The parents may not have reached an agreement on all issues, but they went through a process of trying to work together. Perhaps there was one sticking point that existed because a parent needed to be heard. The process allowed the parents to understand the need to focus on the needs of the other parent. The collaborative process we provided planted a seed that allowed parents to better understand and manage conflict in the future.
A Necessary Evil
Conflict of course can a necessary evil. There are of course cases that deal with endangerment to children, physical abuse between spouses. Of course you may simply be dragged into conflict because of the actions of your spouse. That too is a fact of life. Many people “choose” a court based approach to resolving family law disputes simply because they do not understand their choices.
Why Should I Care which Path?
Litigants typically never have to interact with their opposing party ever again. Litigants typically share no relationship with one another. Parents do not meet the characteristics of your typical litigant. Many parents will most likely need to interact with their ex both during and after the divorce process.
Parents enter the civil litigation arena not understanding that 90% of these cases settle outside of the courtroom. If civil litigation is high conflict, does it make sense to add more conflict help solve your problems? Is civil litigation the best choice for you in your divorce?
Problem solving requiring joint effort with both parents working towards finding solutions.
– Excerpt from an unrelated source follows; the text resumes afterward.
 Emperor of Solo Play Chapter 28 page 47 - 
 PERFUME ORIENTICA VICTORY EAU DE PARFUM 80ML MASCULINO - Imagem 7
Problem solving helps parents to learn how to co parent and focus on the needs of their children. Problem solving helps parents minimize future conflict.
Divorce does not hurt children in as much as CONFLICT hurts children. Conflict hurts children both in the short and long term. Conflict is the factor that affects a child’s ability to be happy, a child’s ability to feel safe and loved.
Time to choose. Do you have an issue or a problem? Are you a litigant or a parent?